A non-exhaustive list of what you’ll want to have ready to go:

  • Basic legal documents. Papers showing how you set up your legal entity, your bylaws/operating agreement, and a list of the people who are owners/investors in your business.
  • Contracts or letters of intent with key humans and/or strategic customers or partners.
  • Financial projections and/or profit and loss statements that track with your vision. Make sure you are able to explain key assumptions.
  • Basic information about your product and how you plan to grow sales and revenue.
  • Protection of intellectual property (IP): Show you have protected your inventions with patents or your brand name with a trademark. Also show you have agreements in place with contractors and/or employees that protects your company’s valuable IP.

Get Organized, Stand Out

A little extra polish can go a long way. Taking the extra time to present your company information and documents in an organized fashion makes more of a difference than it should. Human brains are looking for ease, and good organization is an easy proxy for competence. Emotionally, it’s the difference between opening a messy, dusty closet versus the sparkling clean closet you just organized.

Don’t send a prospective investor or banker a file folder with a bunch of random documents inside with weird, incomprehensible file names. Take the extra half hour to present a folder with labeled, numbered subfolders that contain documents with file names that make sense.
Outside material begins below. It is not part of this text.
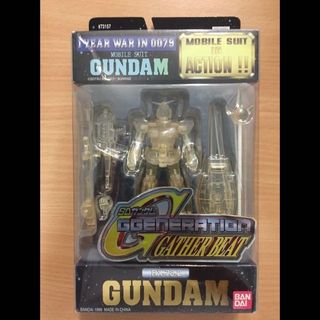 (Category: ) located in . Submitted by sggem (Listing ID 1337722088, Image 1). Description: .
Take a look at the folder of documents you plan to share, and imagine you are a stranger who has never seen it before. Go back in, fix file names, and group documents into categorized subfolders (legal, financial, HR, intellectual property, etc.). This makes whoever is looking at the folder’s job so much easier and increases their confidence in your ability to run a successful business.

Humans are emotional creatures - even bankers and investors! Making a good impression with your business documents is smart and can make the process of bringing funds into your company much smoother.

Take Action

To sum up, if you want to bring other people’s money into your business, you have to sell the right vision (big & fast vs. moderate & steady) and then back it up with organized receipts (legal, financial, IP). Showing you understand business fundamentals and have your ducks in a row goes a long way toward convincing a potential funder to allocate funds to your business.

Your action items:

  • Review and refine your pitch
  • Gather and/or create documentation
  • Organize your documents before sharing
  • Share, and get feedback as you go!